My picks for my electronics purchases as mentioned above are Best Buy and Apple. This is primarily in part to my multiple summonings of their "techies". With Best Buy, I bring my ailing, dying, or dead equipment in and the nice "techie"(4) goes out of their way to help me, including explaining everything that needs to be done or will be done in plain English. They are a class unto any other. Primarily because they realize that the average computer user is not an elite computer programmer, which novices like me can really appreciate. I also have to thank my parents for encouraging me to be the good little girl scout that I was raised to be and "always be prepared". Prepare for the worst, and you’ll never be too disappointed, right?

In June, I purchased a third generation iPod from Apple, and no sooner did I bring it back to Japan in August than it died after only being here two weeks.
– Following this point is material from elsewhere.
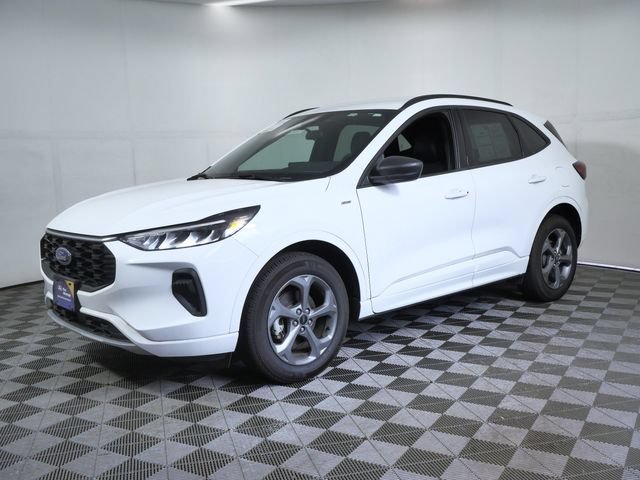 Certified 2023 Ford Escape ST-Line w/ Tech Pack #1 AWD/4WD image 5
Naturally, I purchased Apple Care, but I was terrified that I would have to pay an arm, a leg, and several internal organs to ship it back to the US for servicing. I was also afraid of calling technical support here in Japan, for fear that their "English assistance" would be more frustration than its worth. When I finally got the nerve to call, just in the off chance I could ship to Apple Japan in Chiba Prefecture, I was amazed not only by the response time of their "techie" but by the individual’s ability to help troubleshoot the error on the phone in flawless, natural English. Within 20 minutes, not only was my issue with the dead iPod(5) resolved, but I hung up the phone feeling completely relieved. It was the most painless phone call to a customer service support center that I have ever made.

I honestly don’t know what I keep doing to make all the technology around me act ridiculous. I consider it my latent mutant ability to be able to break machines just my attempting to use them correctly. I sometimes feel like I rely too heavily upon my more knowledgeable and tech-savvy friends to help me cope with my technological ineptitude, but honestly, I swear that machines really hate me. From my PCs to my 2002 VW Turbo Beetle that bit the dust a couple of months after purchase(6), I just can’t win when it comes to machines. Why must this love be so one sided?

Footnotes

  1. It’s also counter productive to the trying to get the damn thing to work challenge if I go and break it.
  2. Dude, I’m never ever buying a Dell again.
  3. See note 2.
  4. I’ve never met a Best Buy "techie" that I didn’t like.
  5. An internal error that forced the iPod to begin ignoring the FireWire connection, thus preventing it from being synched with my PC or allowing the battery to charge began in early August, when I used the iPod updater to download the latest software patch.
  6. There was a problem with the Turbo chip and the automatic transmission that caused a timing error when shifting from third to fourth gear. The shop called my car "The Anomaly" because it was brought in three times until a national recall on the engine parts started. It killed me to part with that car, but it was for the best.